Upon returning within our lines, Debray's regiment was ordered to dismount and support Walker's divison of Texas infantry, hotly engaged in the woods in our left front. There a severe conflict was kept up, without advantage on either side, but with considerable mutual loss, until night brought it to a close.

This was, at best, a drawn battle. Both armies held the ground which they occupied in the morning, but General Taylor, apprehending a renewal of the contest on the next day, knowing that water was not accessible where his troops stood, determined to fall back to a creek five miles distant, there to select a position. Debray's and Bushel's regiments were left on the battle-field, with instructions to observe the enemy, and, if necessary, to retire slowly before his advance. Pickets exchanged shots till nearly daybreak, when a reconnoisance was pushed up, without opposition, to the town of Pleasant Hill, which was found evacuated by the enemy, who, behind a thin curtain of outposts, had decamped, early at night, in the direction of Natchitoches, leaving in our hands his wounded and unburied dead.

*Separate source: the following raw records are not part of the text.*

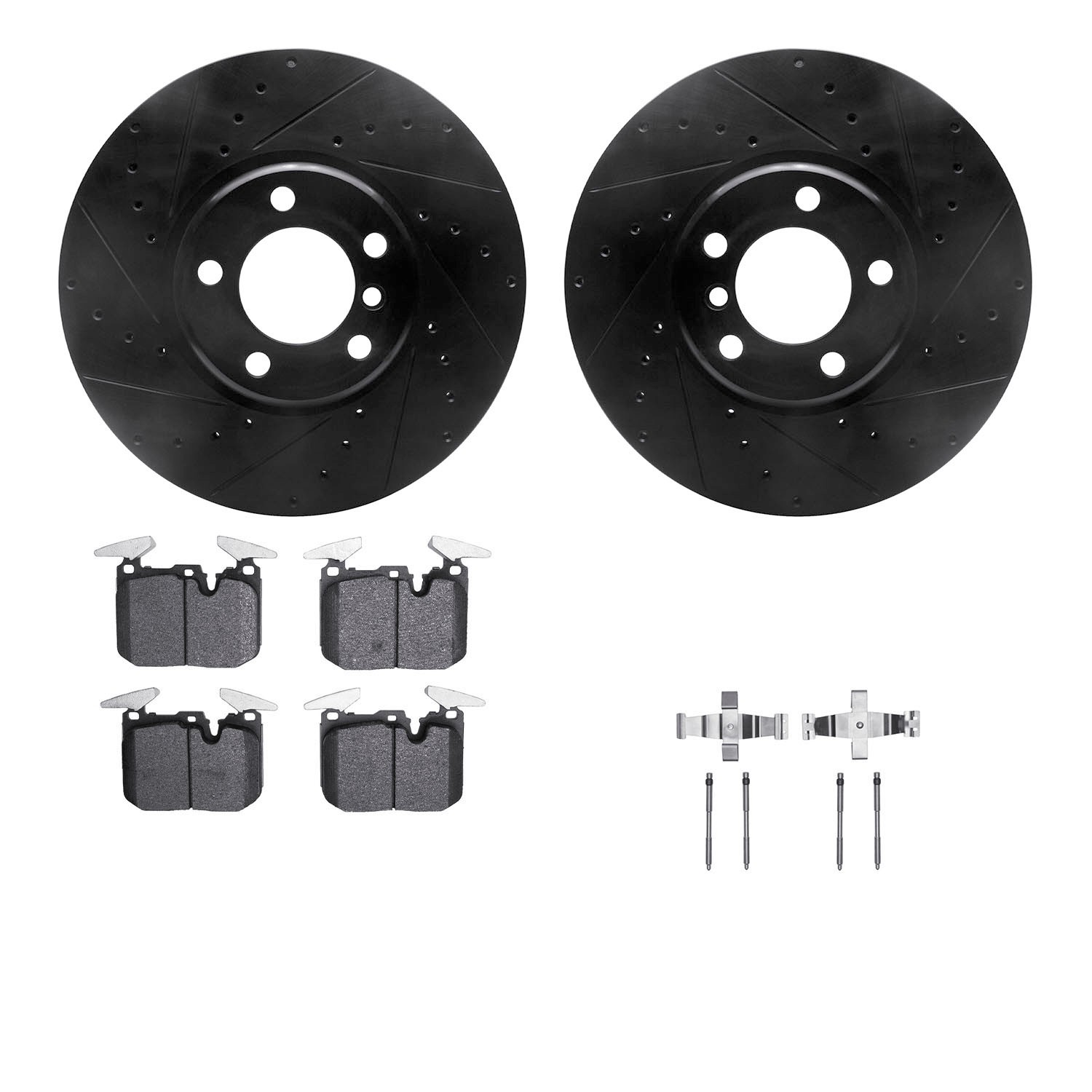 DYN 8612-31094 DFC Rotors-Drilled & Slotted-Black w/ EURO 5000 Ceramic Brake Pads Incl Hdw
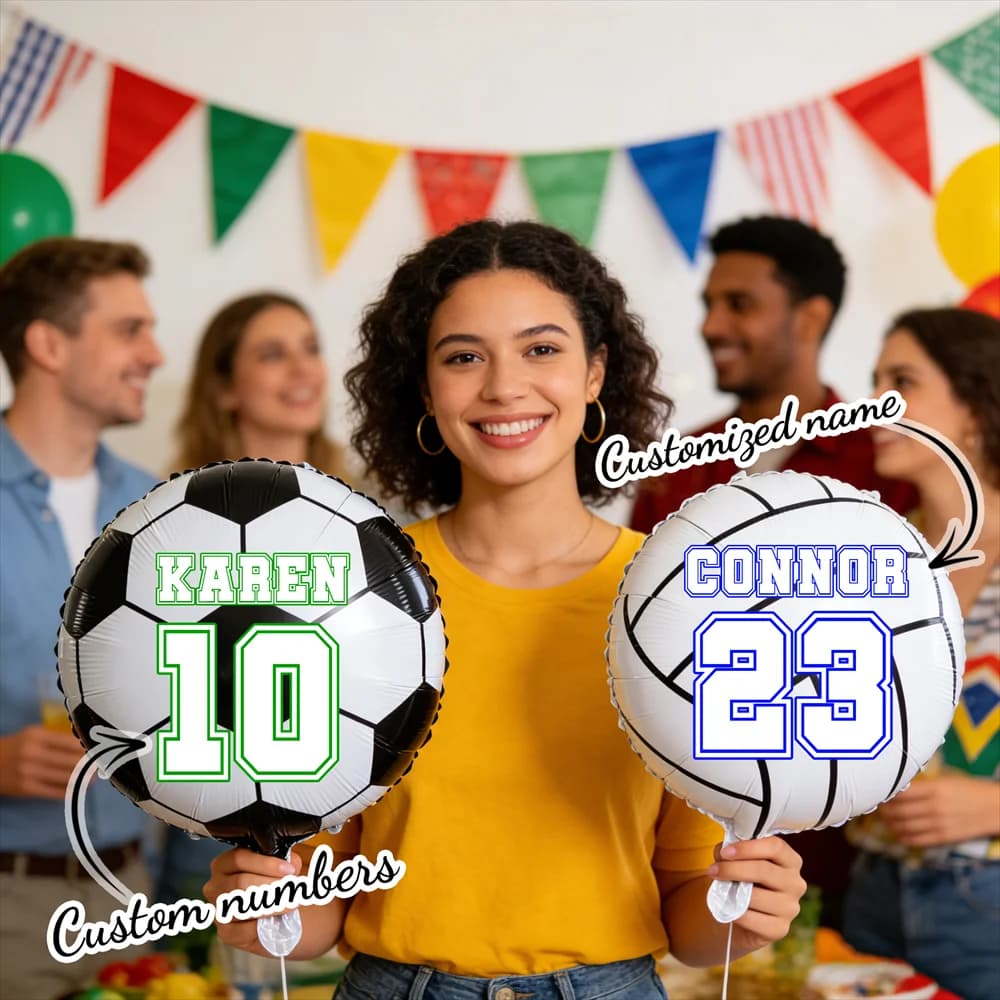 Personalized balloons with Name and Number for Volleyball Festivals, Football, Birthdays, Gifts and Party Decorations
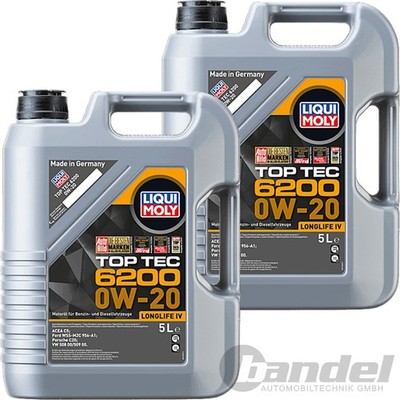 2x5L LIQUI MOLY MOTORÖL TOP TEC 6200 0W-20 passend für VW 508/509.00 ACEA C5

A part of the cavalry started in pursuit, while another part proceeded, with artillery, to Blair's Landing, on Red River, to attack gunboats. There the gallant Major-General Tom Green fell—an irreparable loss to our army. General Taylor, relying on his troops, [160] flushed with success, confidently expected to capture or destroy Bank's demoralized army, when, to his great mortification, he saw himself stripped of all his infantry but one division, and the greater part of his artillery, ordered to Arkansas, to oppose the Federal General Steele, who, as above stated, was to join General Banks at Shreveport. With his reduced forces, General Taylor had to give up operations on a large scale, and to turn his attention to an endeavor to render a sojourn in Western Louisiana so unpleasant for Banks, as to induce him to seek comfort beyond the Mississippi.

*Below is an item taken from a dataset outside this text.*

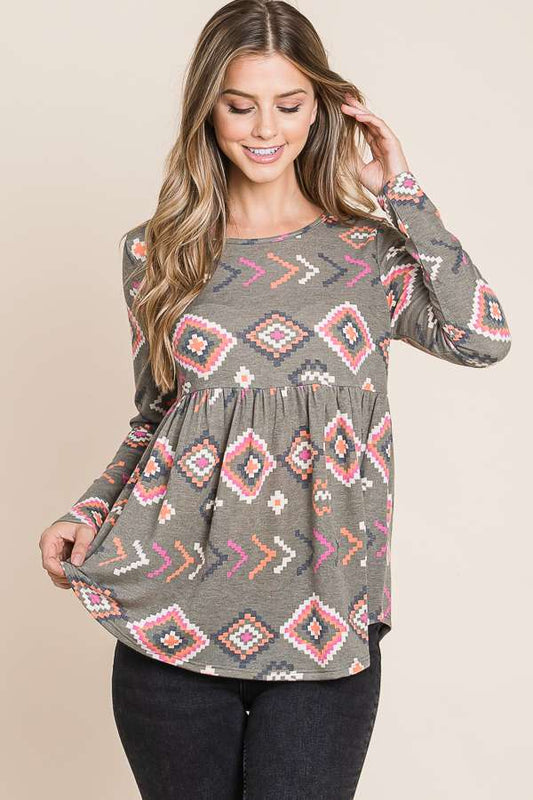 Bombom TL1674 Southwest Print Peplum Top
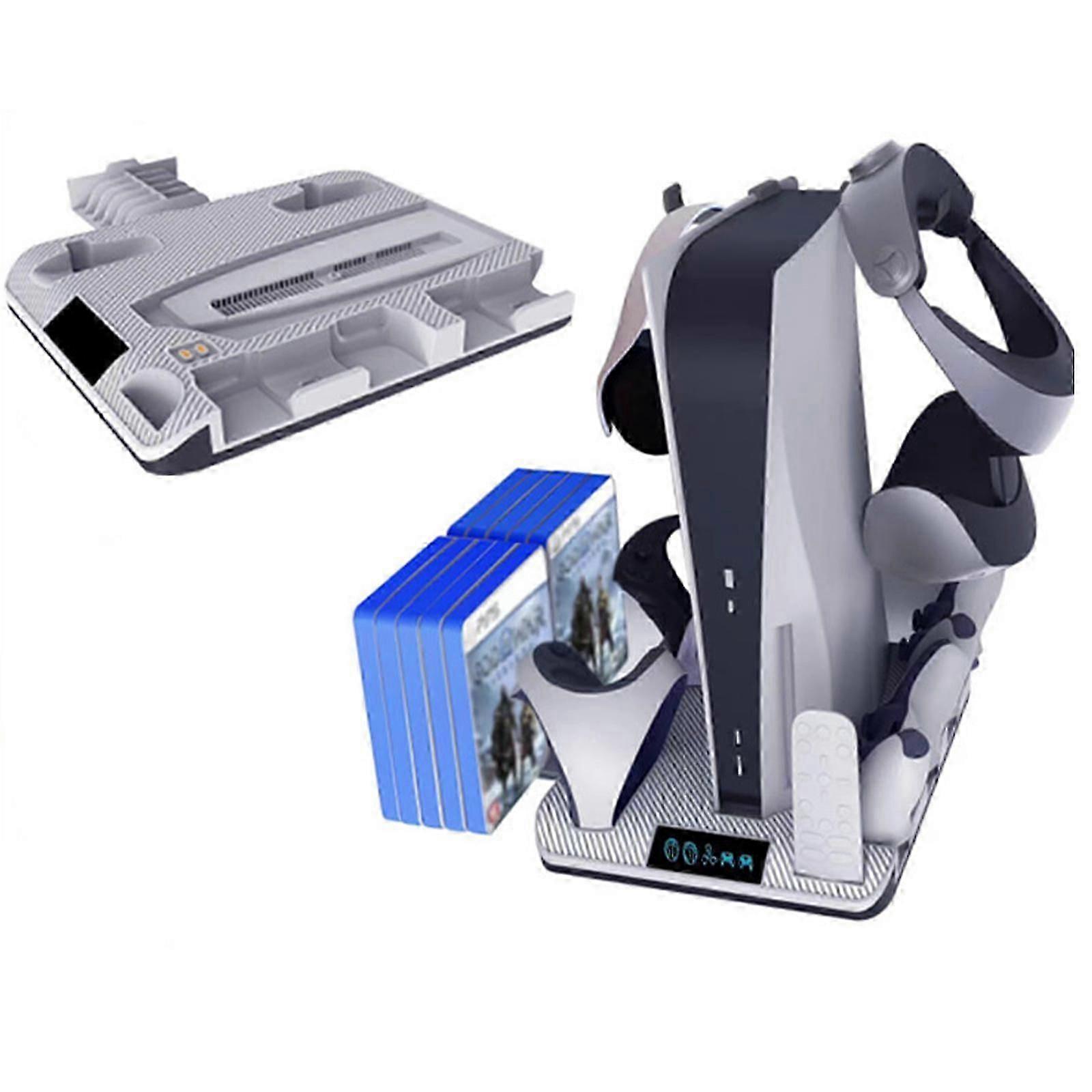 PS5 Vertical Stand with Cooling Station and Controller Charging Dock, Wireless Contact Charging Dock for PS5 & PS VR2 Contollers, Headsets Holder& Slo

The good behavior of Debray's regiment was acknowledged by the promotion of its Colonel to the rank of Brigadier-General; in consequence of which, Lieutenant-Colonel Myers, who had not yet rejoined, became Colonel, Major Menard, Lieutenant-Colonel, and Captain Owens, of company E, Major. Lieutenant Hearn, of company E, became Captain vice Owens, promoted, and Lieutenant Woodyard, of company F, Captain vice Peck, killed. Mention may also be made here of the promotion, some months afterwards, of Lieutentant Trezevant, of company 1, to be Captain vice Whitehead, dropped from the rolls for absence without leave.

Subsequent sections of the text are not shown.